Third, this statist outlook is relentlessly reinforced in a news and pop-culture bubble that conservatives simply aren’t penetrating. If you check out this chart (from Buzzfeed), you’ll note the obvious truth that not only do conservatives and liberals read different publications, but even “moderates” read disproportionately liberal publications (which is perhaps one reason why “moderates” are really less-liberal liberals and not less-conservative conservatives). Within this liberal bubble, it is simply conventional wisdom that conservatives not only don’t care about those less fortunate but that we will even promote human suffering if it means higher profit margins and more cash in our pockets. In other words, we can change our messaging on Fox News, talk radio, and even our primaries all we want, but it won’t make a dime’s bit of difference to this decisive economic constituency. We might laugh at Obama choosing the “Pimp With a Limp” and Us Weekly over Meet the Press, but he’s simply reaching more potential voters through those outlets.
What to do? We simply can’t retreat into our large but still-minority cocoon of new media and talk only to each other, working hard to get ever-larger numbers of our shrinking constituencies to the polls. Our cultural efforts have to be every bit as wide-ranging and persistent as those of the Left.
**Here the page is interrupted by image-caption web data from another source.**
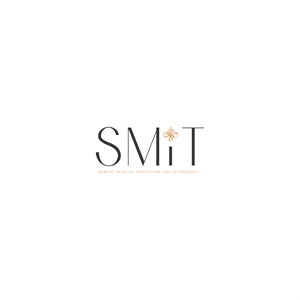 Logo Design by Texgonecali for this project | Design #29868996
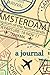 Travel Journal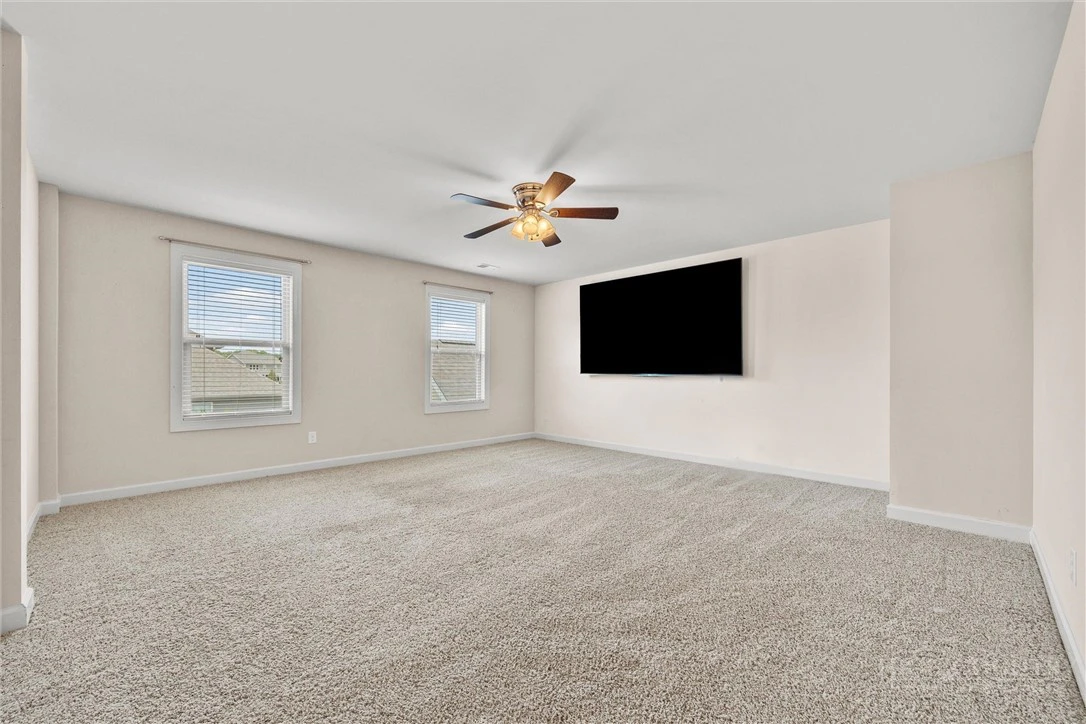 Image number 8 for the current listing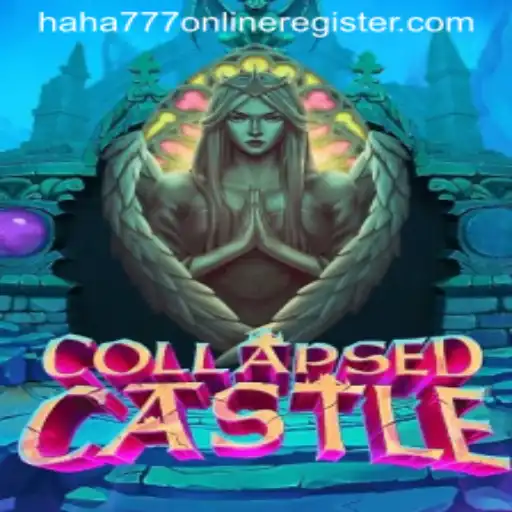 Explore the Mysteries of CollapsedCastle: An Epic Game Adventure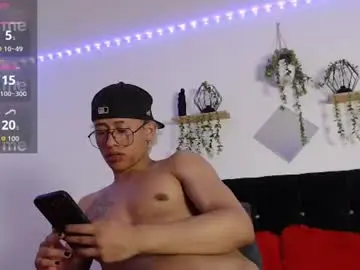 Chaturbate Best Webcam of labrinthteasing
Majority ideologies are built over generations, not overnight, and it means breaking the public-school monopoly, influencing public schools even while we work to diminish their influence, sending our best and brightest young writers and actors into the lion’s den of Hollywood, working to reform higher education and breaking the ideological hammerlock of the hard Left on faculties, and working hard — very hard — to tell the true story of conservative compassion for the “least of these,” a story featuring the efficiency and creativity of private philanthropy combined with Christ-centered love and concern for the individual.
We have the better message. Now we have to make sure our fellow citizens see it as empowering, not terrifying.